_Provided records_:
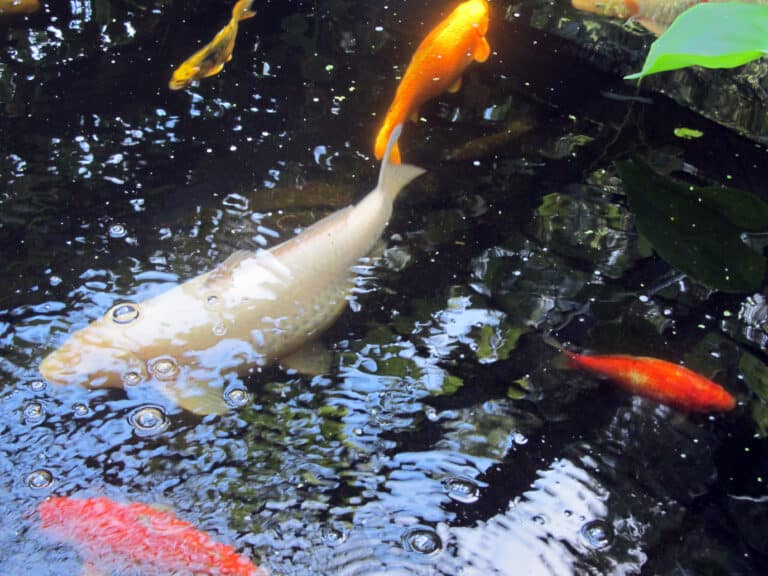 Koi Fish (11430514134) Koi Fish (11430514134)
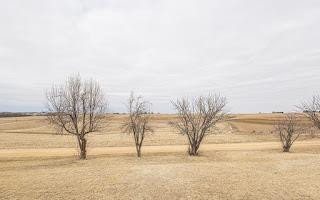 1021 Fish Lane Hazel Green, WI 53811 - Photo 30 of 105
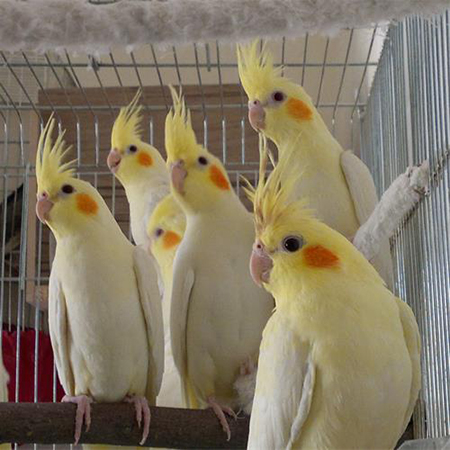 قفس عروس هلندی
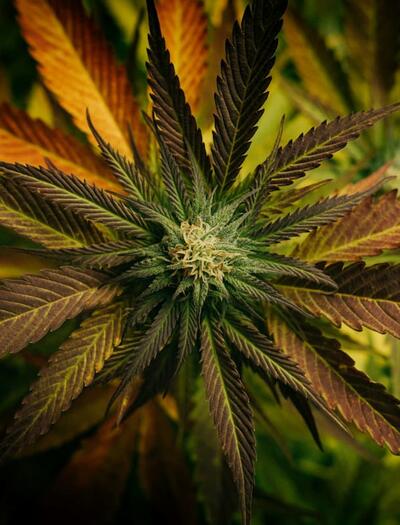 New bill will reform the criminal code and modernize cannabis laws in the Czech Republic, making it legal to grow 3 marijuana plants or owning 100 grams of weed at home. 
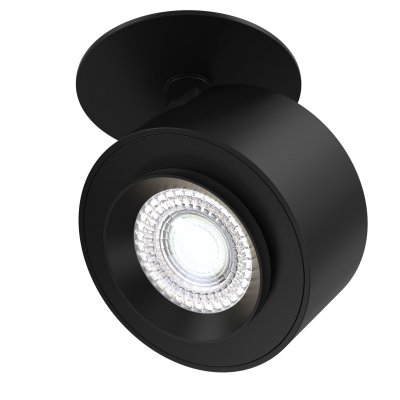 

Потолочный светильник Maytoni C063CL-L12B4K Treo, C063CL-L12B4K
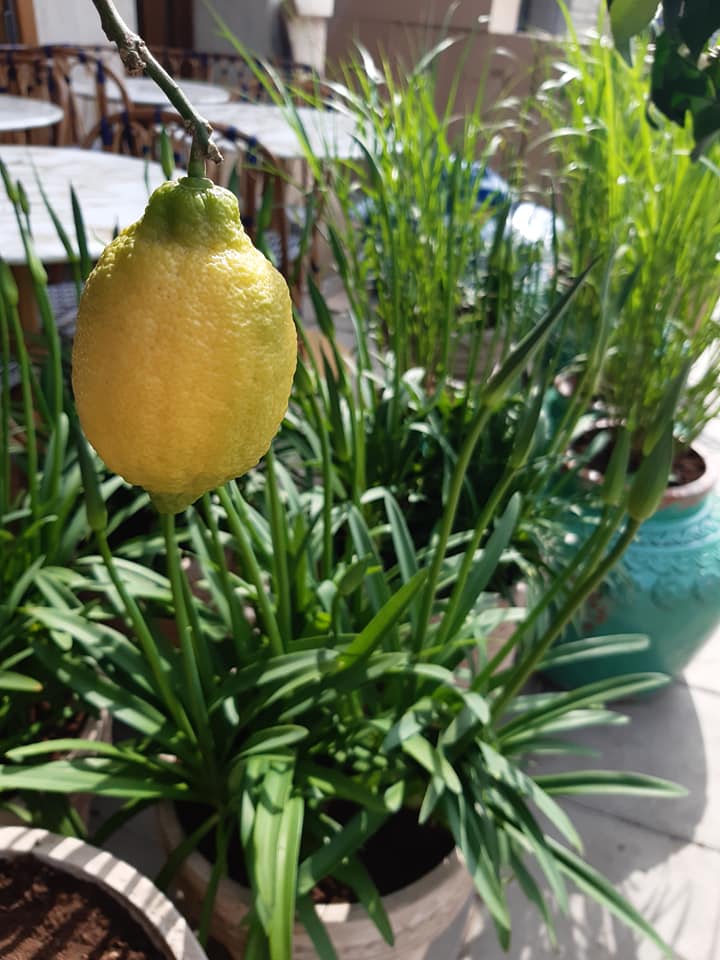 181139893_10214063032170266_5595715454982551063_n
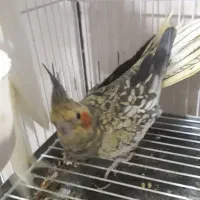 فروش عروس|پرنده|لار, |دیوار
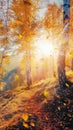 Golden sunlight bathes birch forest in autumns vibrant embrace Royalty Free Stock Photo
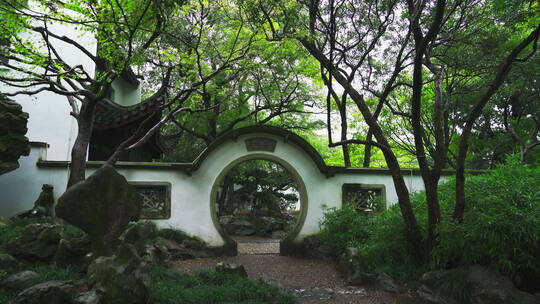 诗画江南植物园林4K 唯美雨水意境 白噪音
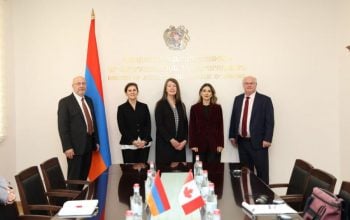 Սրբուհի Գալյանը միջազգային գործընկերներին ներկայացրել է Սահմանադրական բարեփոխումների օրակարգը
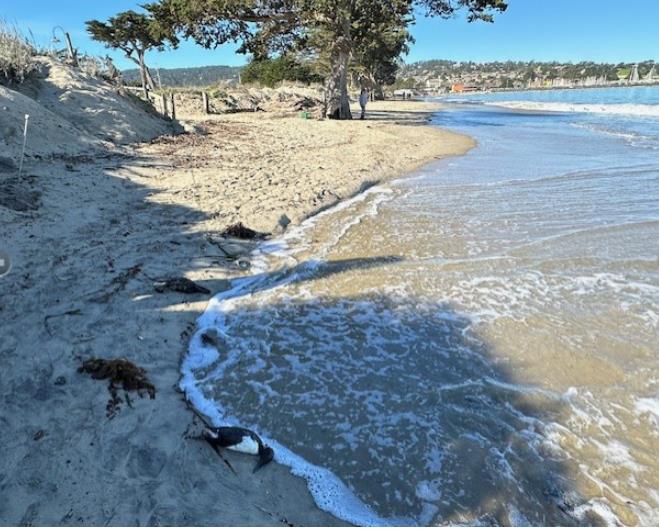 1 La Playa Street Monterey, CA 93940 - Photo 16 of 17 a view of ocean view with beach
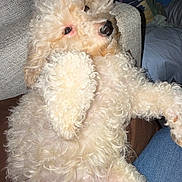 Elly joined the competition — help win amazing prizes! dog, puppy, small_dog, curly_fur, white_fur, fluffy, belly_up, lying_down, pet, companion_animal, black_nose, brown_eyes, indoor, couch, blanket, human_legs, denim, cozy, flash_photography, portrait
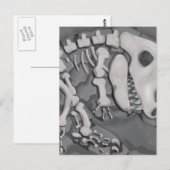 Dinosaurusfossiel Briefkaart (Voorkant / Achterkant)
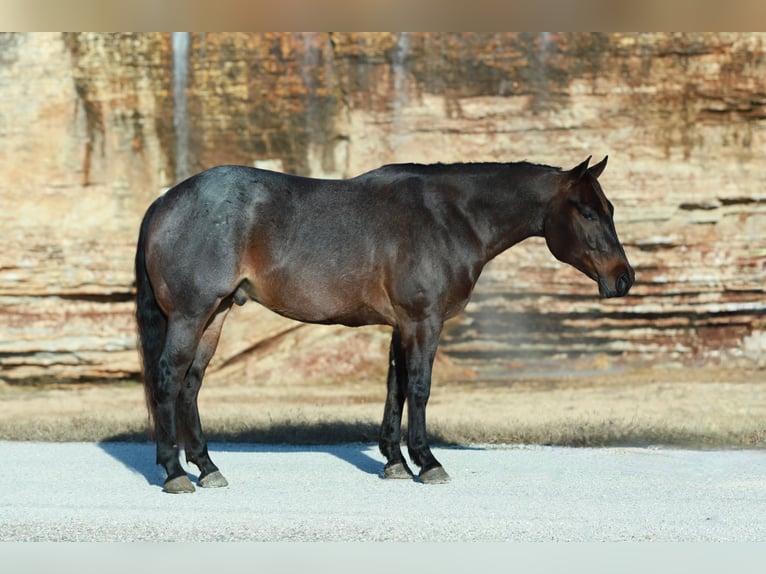 Quarter horse américain Hongre 4 Ans 152 cm Roan-Bay in Purdy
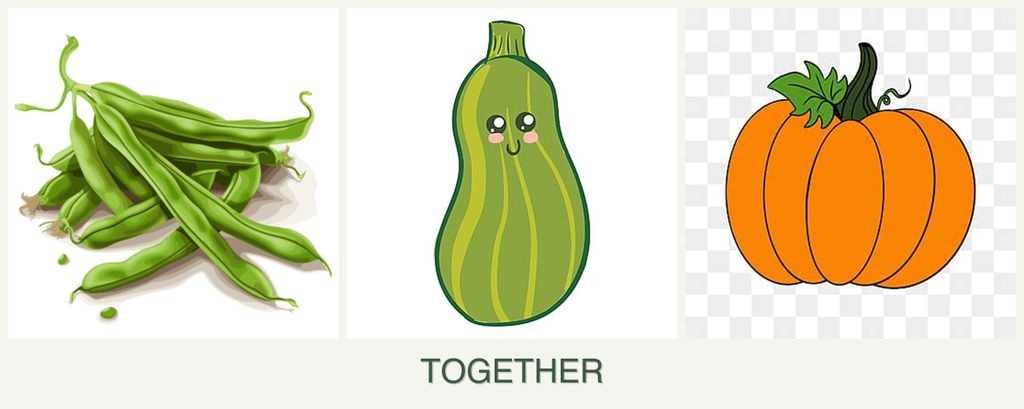 Can you plant beans, zucchini and pumpkin together?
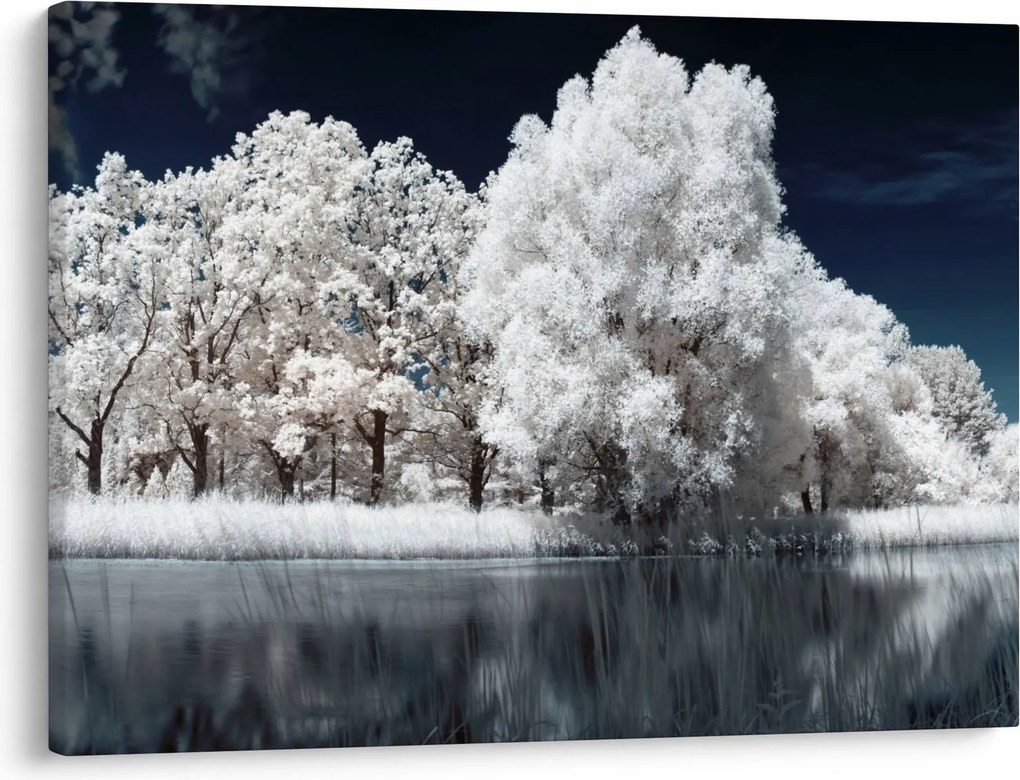 Obraz - Śnieżnobiałe drzewa (70x50 cm)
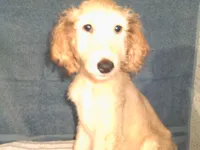 processed/7361545b-f1bd-45e3-8f21-d24db39f1e85/listing/e92f902f-3aad-4614-81e9-b1c5f6e93eb5/c24cd9bb-5ae8-4497-a8b0-c1827b9d662c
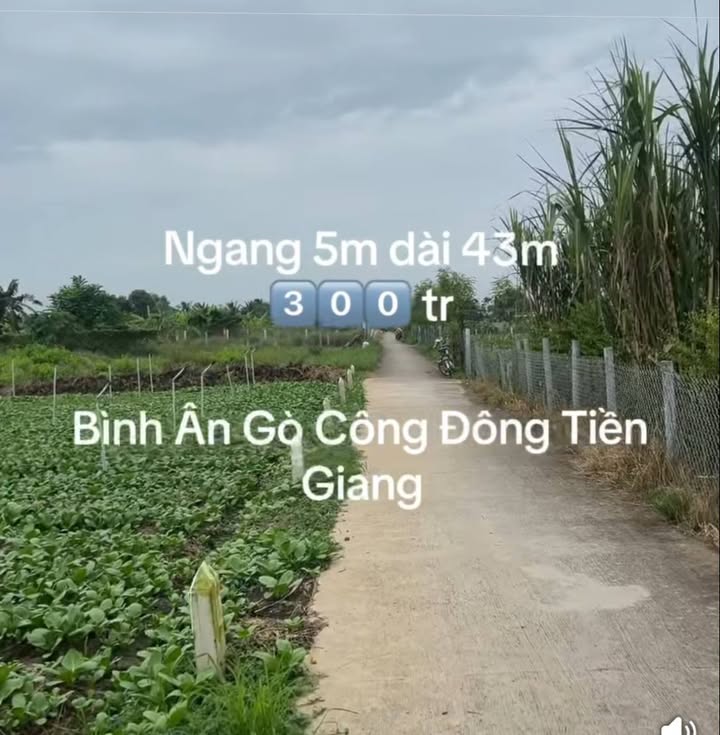 Đất nền Bình Ân Gò Công Đông 218m² giá 300 triệu - Đường xe hơi thông thoáng!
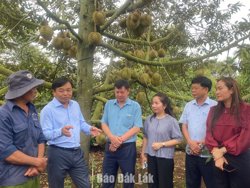 Bộ Nông nghiệp và Môi trường triển khai các quy định mới về cấp mã số vùng trồng và cơ sở đóng gói nông sản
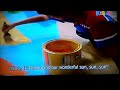 Barney The Rainbow Song Colors Season 10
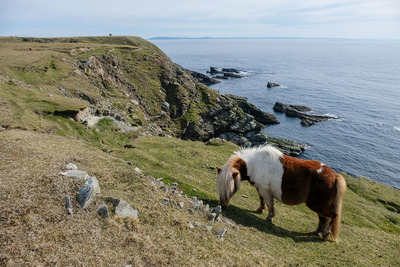Walk photo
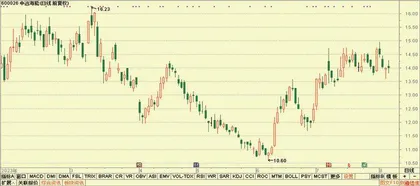 佳电股份、软控股份、中际旭创5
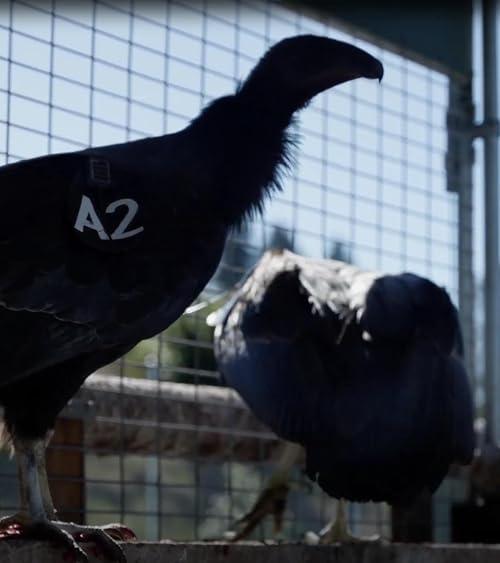 Yurok Tribe Reintroduces California Condors After 100 Year Absence
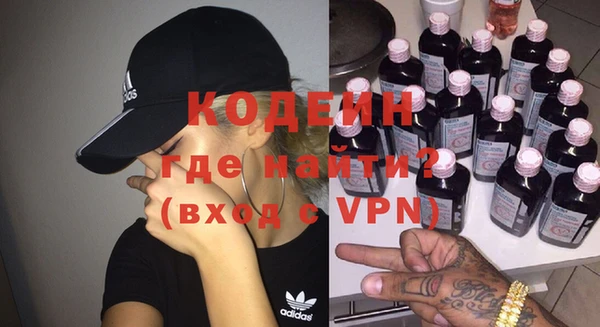 индика Балахна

_Exercise instructions_:
Return the listing above unaltered, omitting its pictures.

_Output of the exercise_:
 Koi Fish (11430514134) Koi Fish (11430514134)
 1021 Fish Lane Hazel Green, WI 53811 - Photo 30 of 105
 قفس عروس هلندی
 New bill will reform the criminal code and modernize cannabis laws in the Czech Republic, making it legal to grow 3 marijuana plants or owning 100 grams of weed at home. 

Потолочный светильник Maytoni C063CL-L12B4K Treo, C063CL-L12B4K
 181139893_10214063032170266_5595715454982551063_n
 فروش عروس|پرنده|لار, |دیوار
 Golden sunlight bathes birch forest in autumns vibrant embrace Royalty Free Stock Photo
 诗画江南植物园林4K 唯美雨水意境 白噪音
 Սրբուհի Գալյանը միջազգային գործընկերներին ներկայացրել է Սահմանադրական բարեփոխումների օրակարգը
 1 La Playa Street Monterey, CA 93940 - Photo 16 of 17 a view of ocean view with beach
 Elly joined the competition — help win amazing prizes! dog, puppy, small_dog, curly_fur, white_fur, fluffy, belly_up, lying_down, pet, companion_animal, black_nose, brown_eyes, indoor, couch, blanket, human_legs, denim, cozy, flash_photography, portrait
 Dinosaurusfossiel Briefkaart (Voorkant / Achterkant)
 Quarter horse américain Hongre 4 Ans 152 cm Roan-Bay in Purdy
 Can you plant beans, zucchini and pumpkin together?
 Obraz - Śnieżnobiałe drzewa (70x50 cm)
 processed/7361545b-f1bd-45e3-8f21-d24db39f1e85/listing/e92f902f-3aad-4614-81e9-b1c5f6e93eb5/c24cd9bb-5ae8-4497-a8b0-c1827b9d662c
 Đất nền Bình Ân Gò Công Đông 218m² giá 300 triệu - Đường xe hơi thông thoáng!
 Bộ Nông nghiệp và Môi trường triển khai các quy định mới về cấp mã số vùng trồng và cơ sở đóng gói nông sản
 Barney The Rainbow Song Colors Season 10
Walk photo
 佳电股份、软控股份、中际旭创5
 Yurok Tribe Reintroduces California Condors After 100 Year Absence
 индика Балахна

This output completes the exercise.